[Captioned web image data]
◇ ◇ ◇ ◇

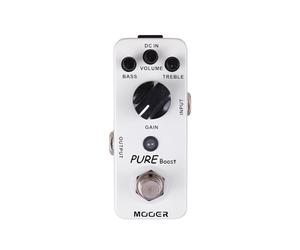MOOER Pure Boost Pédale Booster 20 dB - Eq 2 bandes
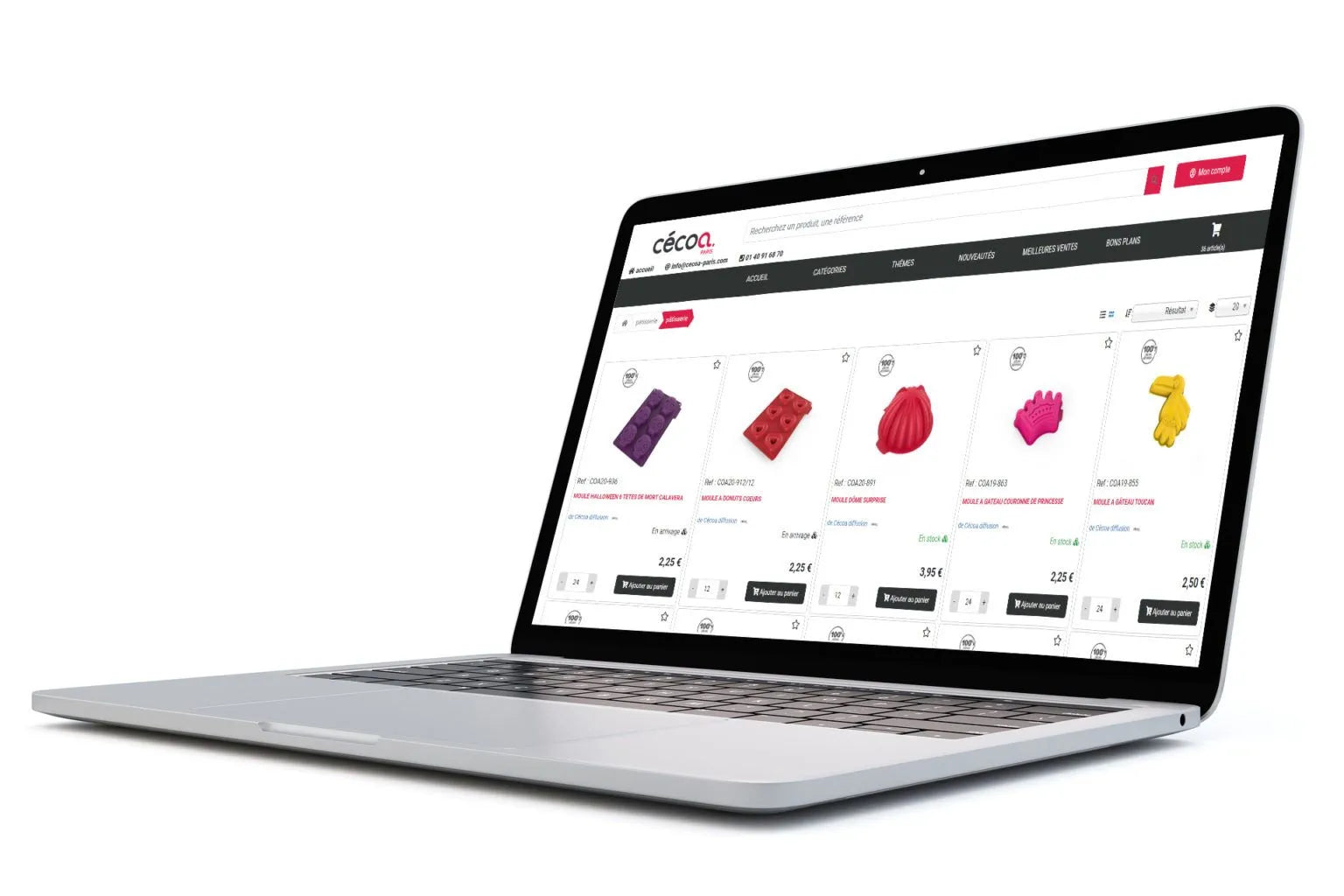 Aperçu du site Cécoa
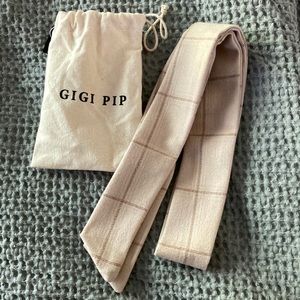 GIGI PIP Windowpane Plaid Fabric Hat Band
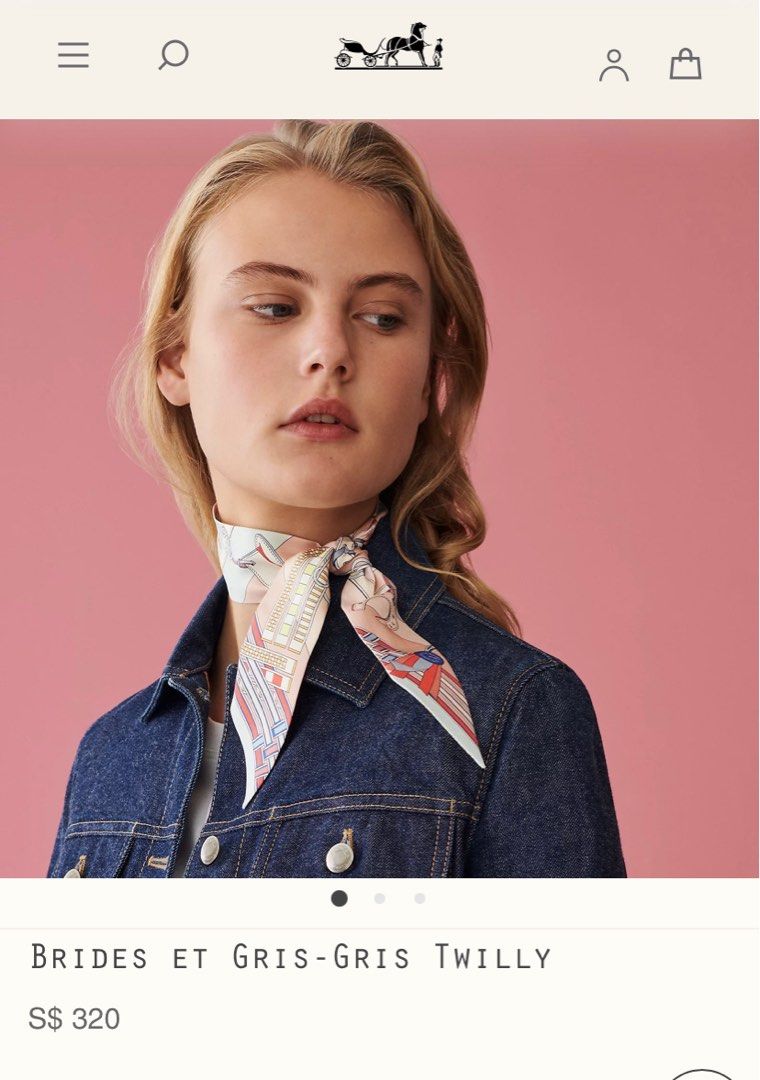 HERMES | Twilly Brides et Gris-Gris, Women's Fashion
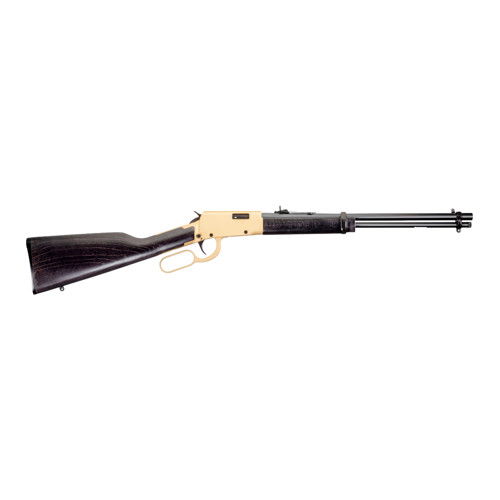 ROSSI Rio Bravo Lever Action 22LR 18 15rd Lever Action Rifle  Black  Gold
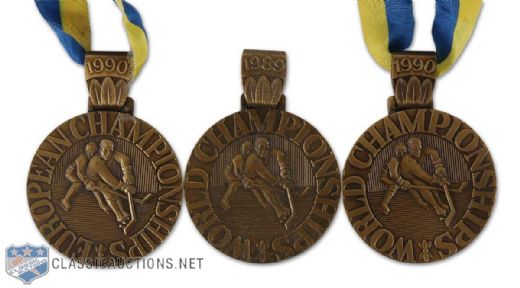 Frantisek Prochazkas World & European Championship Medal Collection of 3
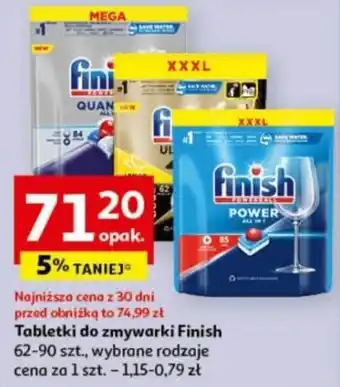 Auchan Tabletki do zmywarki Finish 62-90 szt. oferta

◇ ◇ ◇ ◇

#### What to produce
Pictures are to be dropped, and every record is to be copied exactly.

#### Answer area
MOOER Pure Boost Pédale Booster 20 dB - Eq 2 bandes
 Aperçu du site Cécoa
 GIGI PIP Windowpane Plaid Fabric Hat Band
 HERMES | Twilly Brides et Gris-Gris, Women's Fashion
 ROSSI Rio Bravo Lever Action 22LR 18 15rd Lever Action Rifle  Black  Gold
 Frantisek Prochazkas World & European Championship Medal Collection of 3
 Auchan Tabletki do zmywarki Finish 62-90 szt. oferta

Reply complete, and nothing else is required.